Los dos nacieron del hartazgo: el primero, en contra de los abusos cometidos por el régimen de partidos que gobernó el país durante los primeros años de este siglo y cuya corrupción quebró impunemente las promesas formuladas por la democracia. Nunca sabremos a ciencia cierta cuántos votos obtuvo Andrés Manuel López Obrador como expresión de ese rechazo al sistema de botín y cuántos ganó por cuenta propia. Pero sí sabemos que el mandato emanado de la rebelión electoral de julio del 2018 fue romper con el régimen establecido. El hartazgo que expresa la revolución femenina del 2020 es más profundo, pero nace de las mismas fuentes: quiere romper con el sistema patriarcal vigente y con sus múltiples ramificaciones familiares, sociales, laborales y políticas.

Los dos movimientos se identifican por la negación. Uno expresó desde las urnas un Ya Basta a los despropósitos de la clase política que traicionó el programa democrático construido durante el último tercio del siglo XX. Los Juniors de la transición —como los he llamado en otros textos— hicieron lo que les vino en gana y desoyeron a la mayoría que, en 2018, no sólo los rechazó como opción electoral sino como sistema. Ese año, repito, no hubo una elección sino una rebelión.

En 2020, las mujeres han decidido marcar un Nunca Más a las violencias y las desigualdades que padecen, han salido a las calles para derrotar todos los obstáculos y han invadido las conciencias; es decir, han emprendido una revolución. Si la rebelión electoral se enderezó contra el sistema de partidos y sus formas de gobierno, la revolución de las mujeres se levanta ahora en contra de nuestro mundo de vida afincado en el machismo y, en consecuencia, va mucho más lejos: a las causas de las violencias y de las muchas discriminaciones que dividen y destruyen a la sociedad. Las mujeres han probado con creces —como lo escribió Hannah Arendt durante la Segunda Guerra en busca de las huellas del mal radical que la agobiaba— que “la discriminación es el instrumento letal con que matar sin derramar sangre” (Tiempos presentes, Gedisa).

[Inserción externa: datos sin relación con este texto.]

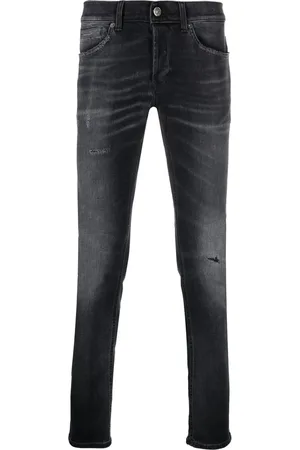 Dondup Skinny jeans con tiro medio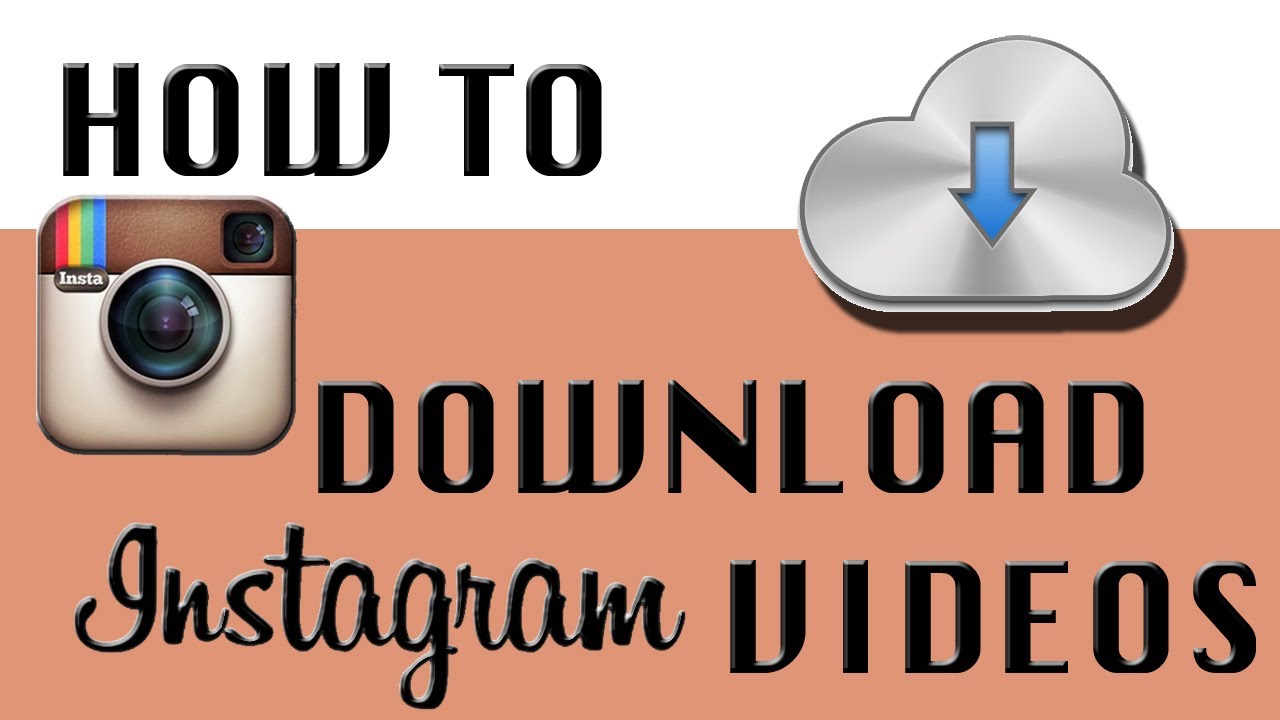 Image result for download instagram video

En el célebre debate entre Amartya Sen y John Rawls sobre La Idea de la Justicia (Taurus), el primero afirma, con razón, que es mucho más fácil identificar una injusticia que ofrecer una definición exacta de lo justo. Por eso los grandes movimientos sociales nacen de la negación, rechazando las conductas que hieren a la sociedad; y por eso es también difícil construir afirmaciones compartidas y programas de acción comunes.

Pero en este momento y dadas estas circunstancias, no veo razón alguna para que los dos movimientos nacidos en este nuevo siglo no se encuentren ni se refuercen mutuamente en sus agravios principales: ninguno quiere volver al pasado de desigualdad, discriminación, exclusión y violencia alimentada desde el corazón del régimen. A menos, claro, que el celo partidario y la ambición política acaben derrotando las razones y las emociones que dieron origen a esta venturosa revolución pues, como bien advertía Felipe González tras la derrota electoral de su partido: también se muere de éxito.